*Directions for this task*
Leave every image out, and return the rest of the data word for word.

Data for this exercise: Begin

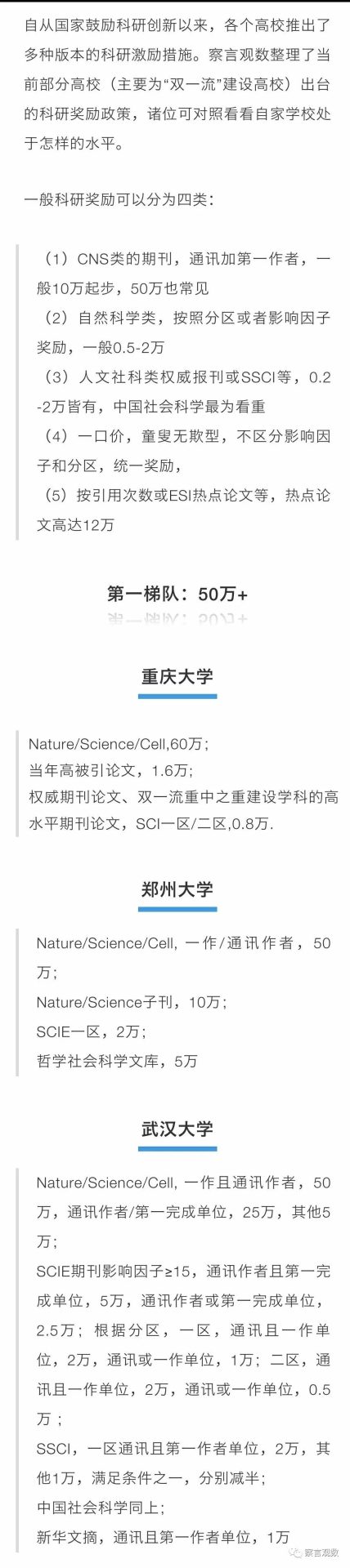 盤點(diǎn)高校科研獎(jiǎng)勵(lì)政策：CNS期刊發(fā)表獎(jiǎng)勵(lì)高，最高達(dá)60萬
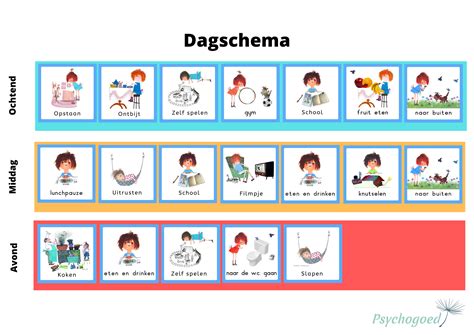 Schema van een typische dagindeling op een peuterspeelzaal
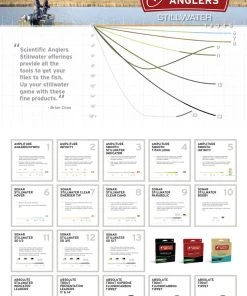 Scientific Anglers Amplitude Smooth Infinity - Glow Fly Lines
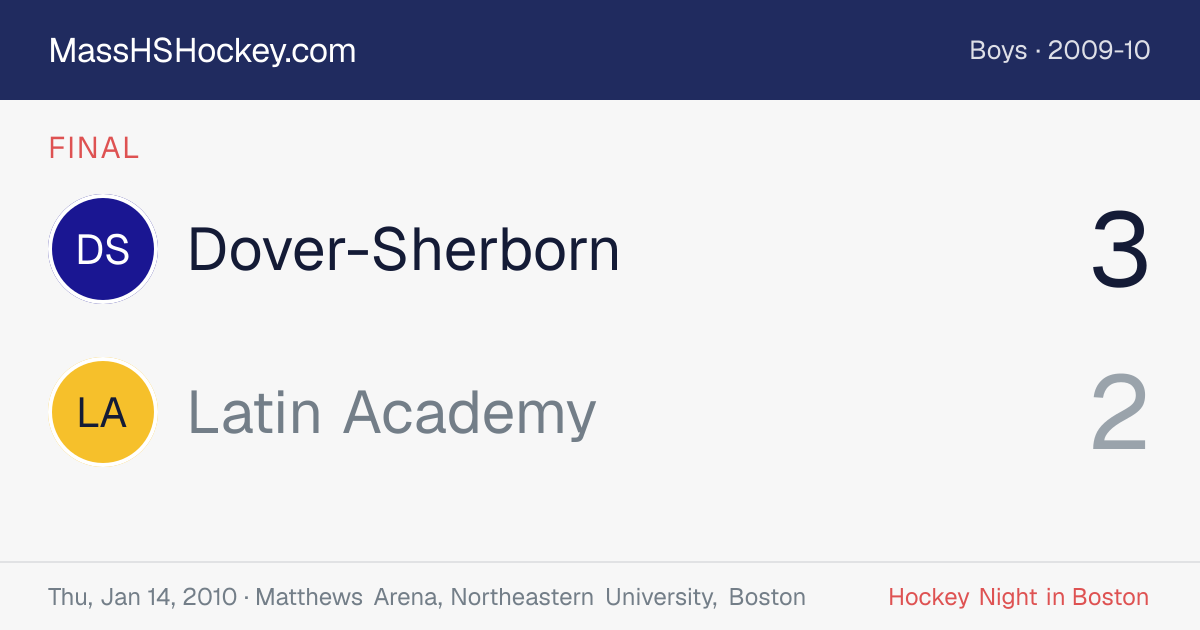 Dover-Sherborn at Latin Academy score card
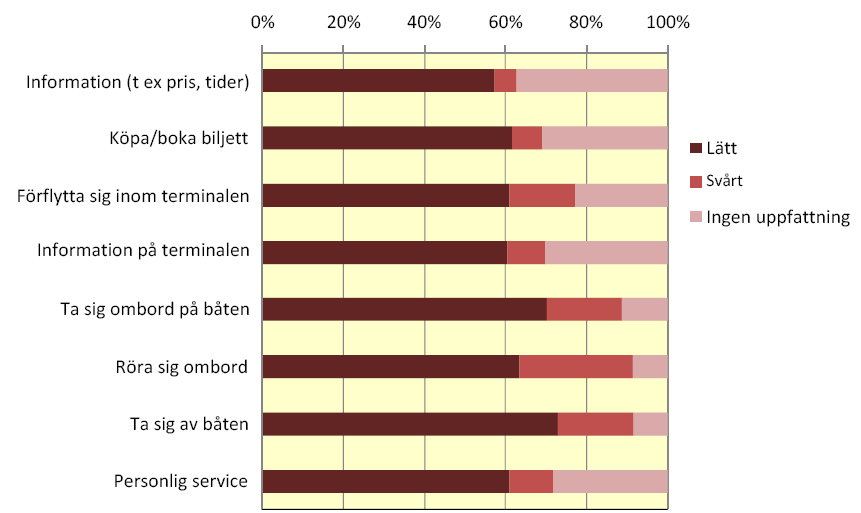 44 Figur 3.6. Vad som uppfattas som lätt respektive svårt i samband med kollektivtrafikresor till sjöss. Resultat från Riks-strokeundersökningen 2009 (Sjöfartverket, 2010a). 3.7 Barns möjligheter att använda transportsystemet Preciseringen lyder: Barns möjligheter att själva på ett säkert sätt använda transportsystemet, och vistas i trafikmiljöer, ökar.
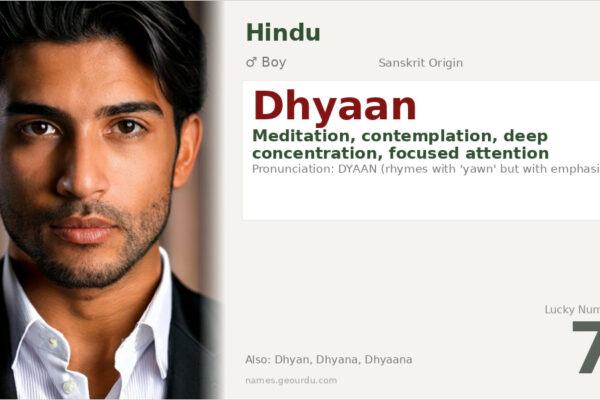 Dhyaan Name Meaning — Sanskrit Origin, Boy Name & Spiritual Significance (2025)
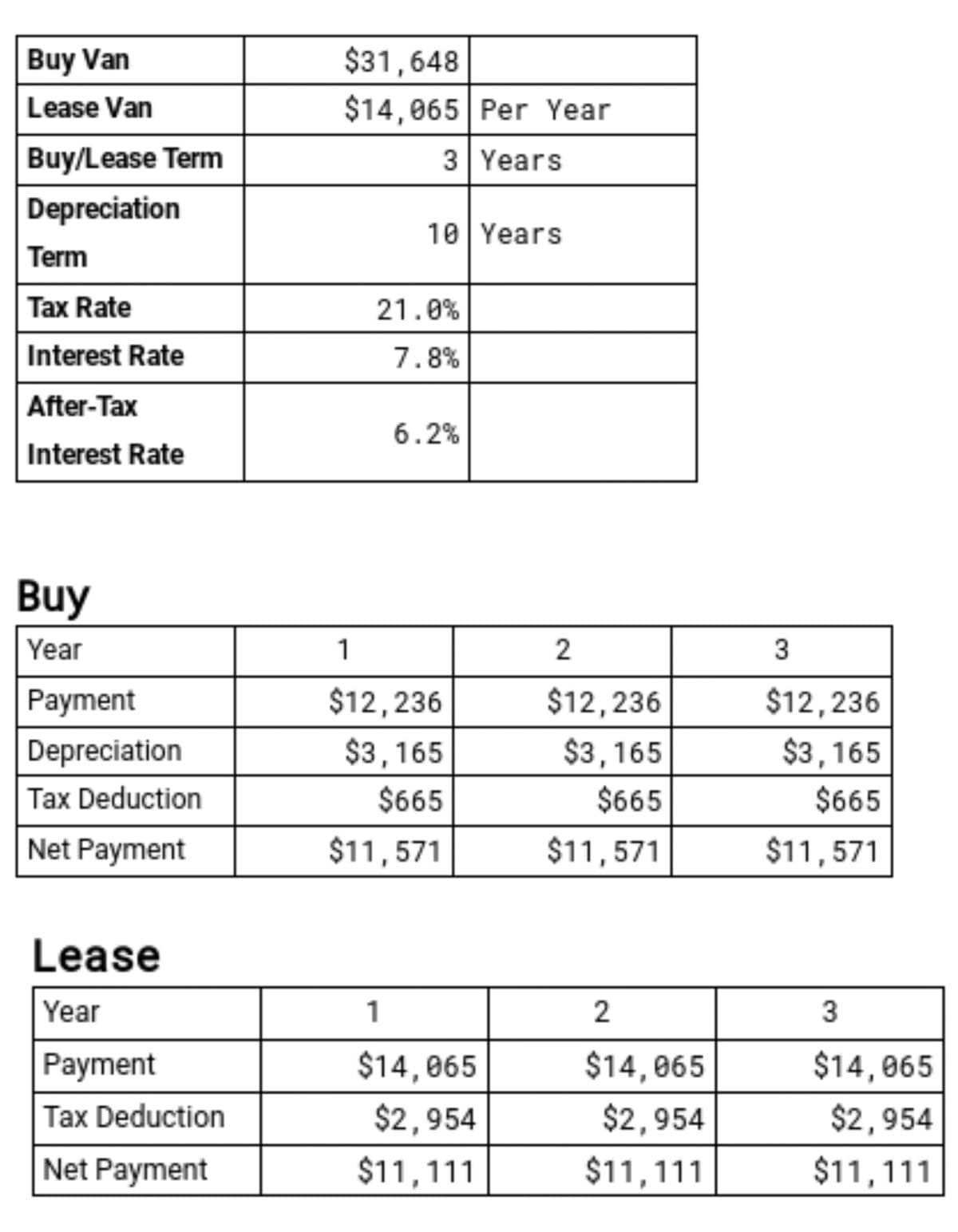 Buy Van
Lease Van
Buy/Lease Term
Depreciation
Term
Tax Rate
Interest Rate
After-Tax
Interest Rate
Buy
Year
Payment
Depreciation
Tax Deduction
Net Payment
Lease
Year
Payment
Tax Deduction
Net Payment
$31,648
$14,065 Per Year
3 Years
1
10 Years
21.0%
7.8%
6.2%
$12,236
$3,165
$665
$11,571
1
$14,065
$2,954
$11,111
2
$12,236
$3,165
$665
$11,571
2
$14,065
$2,954
$11,111
3
$12,236
$3,165
$665
$11,571
3
$14,065
$2,954
$11,111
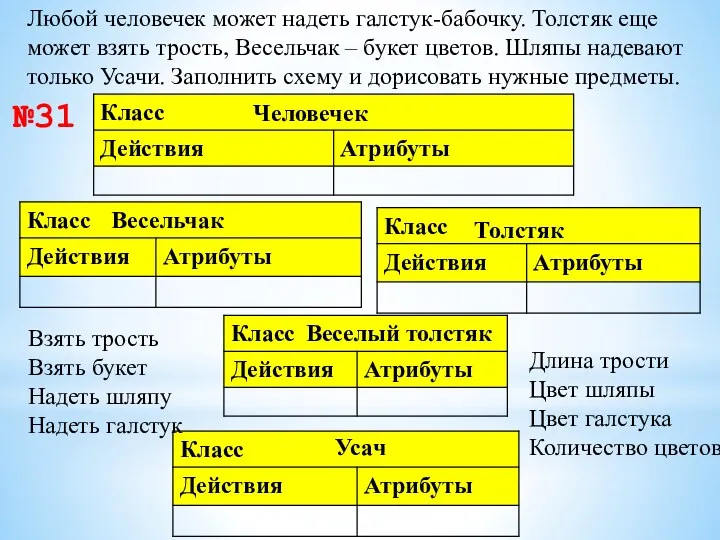 Любой человечек может надеть галстук-бабочку. Толстяк еще может взять трость,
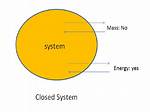 Closed System Definition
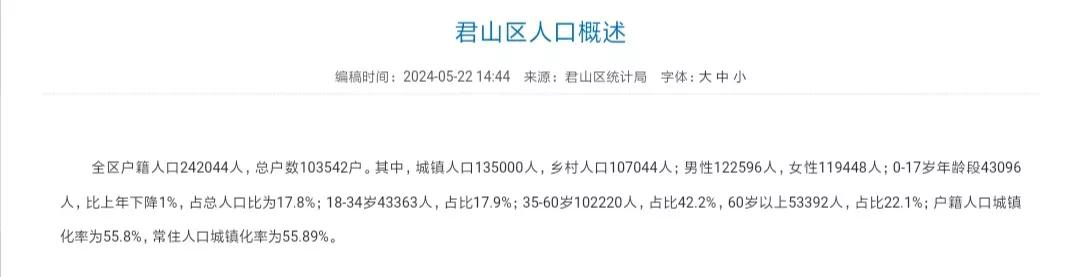 岳阳市君山区公布2023年户籍人口和常住人口具体情况
去年全区户籍人口24.2万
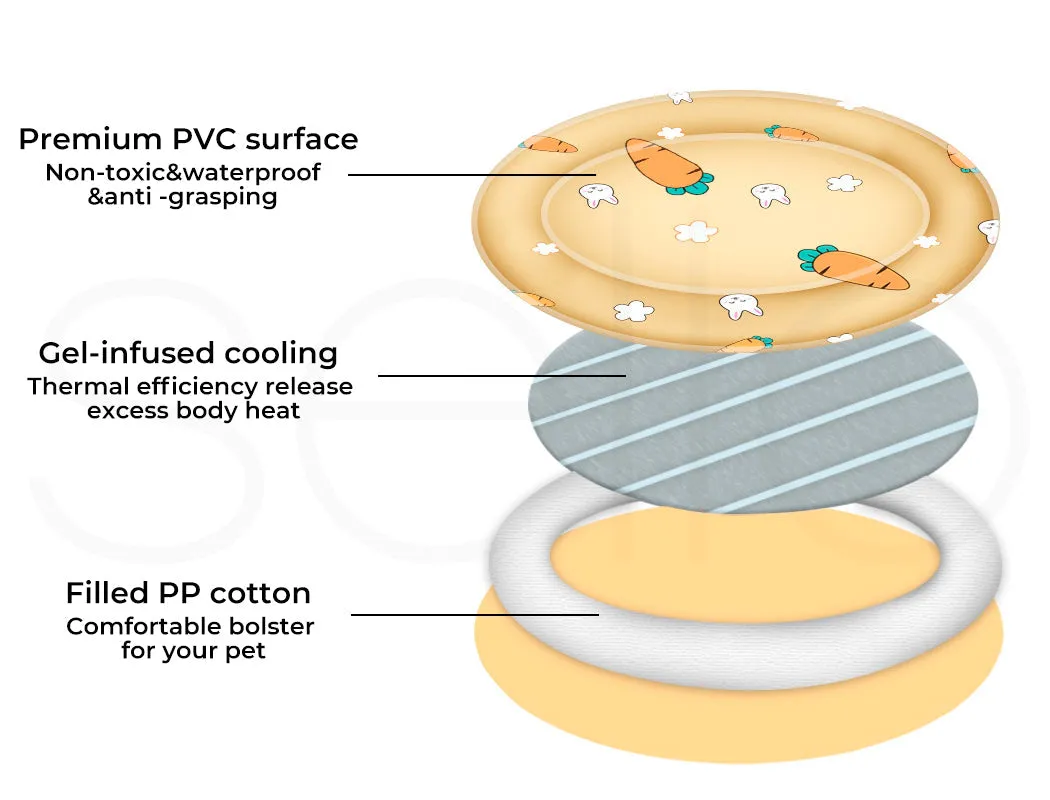 Waterproof Gel Cooling Mat for Pets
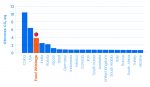 Nat flex – Food Waste Graph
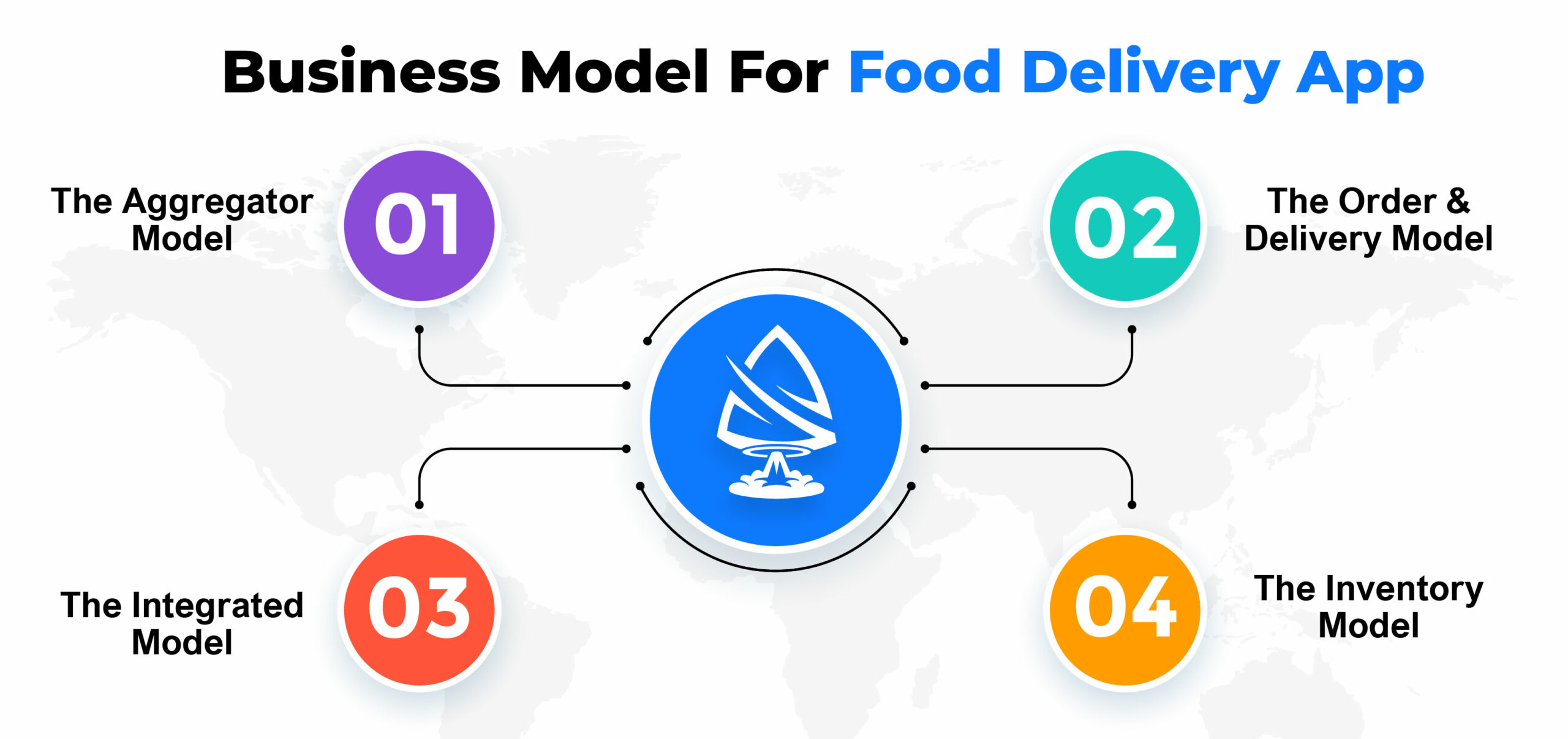 Determine Your Business Model Business Model For Food Delivery App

Data for this exercise: End

*Response to the exercise*
 盤點(diǎn)高校科研獎(jiǎng)勵(lì)政策：CNS期刊發(fā)表獎(jiǎng)勵(lì)高，最高達(dá)60萬
 Schema van een typische dagindeling op een peuterspeelzaal
 Scientific Anglers Amplitude Smooth Infinity - Glow Fly Lines
 Dover-Sherborn at Latin Academy score card
 44 Figur 3.6. Vad som uppfattas som lätt respektive svårt i samband med kollektivtrafikresor till sjöss. Resultat från Riks-strokeundersökningen 2009 (Sjöfartverket, 2010a). 3.7 Barns möjligheter att använda transportsystemet Preciseringen lyder: Barns möjligheter att själva på ett säkert sätt använda transportsystemet, och vistas i trafikmiljöer, ökar.
 Dhyaan Name Meaning — Sanskrit Origin, Boy Name & Spiritual Significance (2025)
 Buy Van
Lease Van
Buy/Lease Term
Depreciation
Term
Tax Rate
Interest Rate
After-Tax
Interest Rate
Buy
Year
Payment
Depreciation
Tax Deduction
Net Payment
Lease
Year
Payment
Tax Deduction
Net Payment
$31,648
$14,065 Per Year
3 Years
1
10 Years
21.0%
7.8%
6.2%
$12,236
$3,165
$665
$11,571
1
$14,065
$2,954
$11,111
2
$12,236
$3,165
$665
$11,571
2
$14,065
$2,954
$11,111
3
$12,236
$3,165
$665
$11,571
3
$14,065
$2,954
$11,111
 Любой человечек может надеть галстук-бабочку. Толстяк еще может взять трость,
 Closed System Definition
 岳阳市君山区公布2023年户籍人口和常住人口具体情况
去年全区户籍人口24.2万
 Waterproof Gel Cooling Mat for Pets
 Nat flex – Food Waste Graph
 Determine Your Business Model Business Model For Food Delivery App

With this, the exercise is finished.